JDK-8183390 : Fix and re-enable post loop vectorization
  • Type: Bug
  • Component: hotspot
  • Sub-Component: compiler
  • Affected Version: 9,10,11,12,13,14,15,16,17,18,19
  • Priority: P3
  • Status: Resolved
  • Resolution: Fixed
  • Submitted: 2017-07-03
  • Updated: 2022-07-08
  • Resolved: 2022-04-05
The Version table provides details related to the release that this issue/RFE will be addressed.

Unresolved : Release in which this issue/RFE will be addressed.
Resolved: Release in which this issue/RFE has been resolved.
Fixed : Release in which this issue/RFE has been fixed. The release containing this fix may be available for download as an Early Access Release or a General Availability Release.

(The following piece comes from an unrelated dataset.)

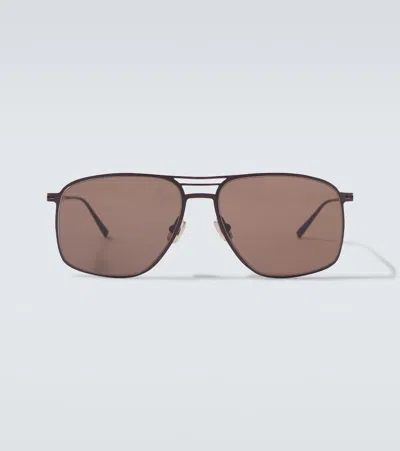 Brunello Cucinelli Aviator Sunglasses In Brown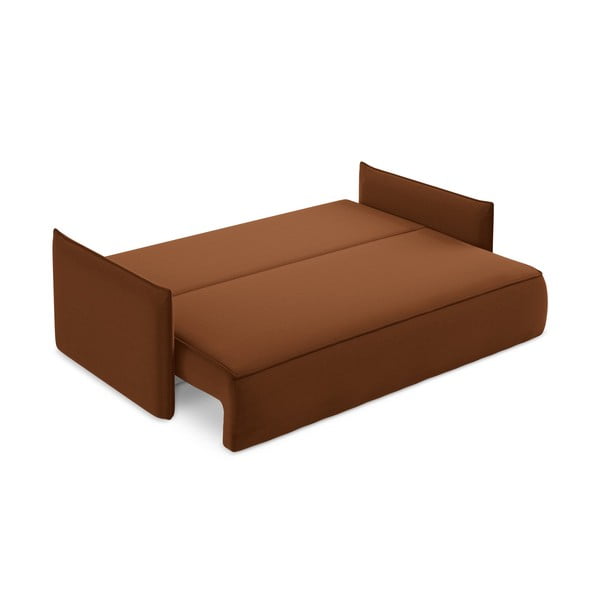 Baršunasti sklopiva/s prostorom za odlaganje sofa boja terakote 225 cm Hula – Makamii-image-4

To download the current JDK release, click here.
JDK 19
19 b17Fixed
Related Reports
Duplicate :  
Duplicate :  
Relates :  
Relates :  
Relates :  
Relates :  
The fix for JDK-8183103 disabled PostLoopMultiversioning and AVX=3 in JDK 9 by default due to problems with the vectorization of post loops.

We should implement a full fix and re-enable both features in JDK 10 (or a JDK 9 update release).
This is an experimental feature fix and it's based on masked vector matching rules introduced in JDK18. So no need to backport.

Changeset: 741be461 Author: Pengfei Li <pli@openjdk.org> Date: 2022-04-05 23:50:13 +0000 URL: https://git.openjdk.java.net/jdk/commit/741be46138c4a02f1d9661b3acffb533f50ba9cf

Also attached my slides as a design doc for future reference https://bugs.openjdk.java.net/secure/attachment/98430/JDK-8183390.pdf

JMH tests results (Cipher parts) on Arm Neoverse v1 AESGCMBench.decrypt -0.14% AESGCMBench.decryptMultiPart 1.24% AESGCMBench.encrypt 6.17% AESGCMBench.encryptMultiPart 1.94% AESGCMByteBuffer.decrypt -1.97% AESGCMByteBuffer.decrypt 0.28% AESGCMByteBuffer.decryptMultiPart -0.93% AESGCMByteBuffer.decryptMultiPart 0.13% AESGCMByteBuffer.encrypt 3.55% AESGCMByteBuffer.encrypt 5.53% AESGCMByteBuffer.encryptMultiPart -0.77% AESGCMByteBuffer.encryptMultiPart 3.88% CipherBench.ChaCha20Poly1305.decrypt -1.64% CipherBench.ChaCha20Poly1305.encrypt -1.33% CipherBench.GCM.decrypt 0.05% CipherBench.GCM.encrypt 0.45% KeyAgreementBench.EC.generateSecret -0.24% KeyAgreementBench.XDH.generateSecret 0.10% KeyPairGeneratorBench.generateKeyPair 0.03% KeyPairGeneratorBench.generateKeyPair 10.99% It looks there are more regressions on x86, more improvements on AArch64 SVE.

Performance testing found few regressions (x64) based on both performance runs: Crypto-ChaCha20Poly1305.encrypt ~2% Crypto-EC.generateSecret ~3.5% Crypto-XDH.generateSecret ~1.7% Renaissance-ChiSquare ~1.2% And no noticeable confirmed improvements.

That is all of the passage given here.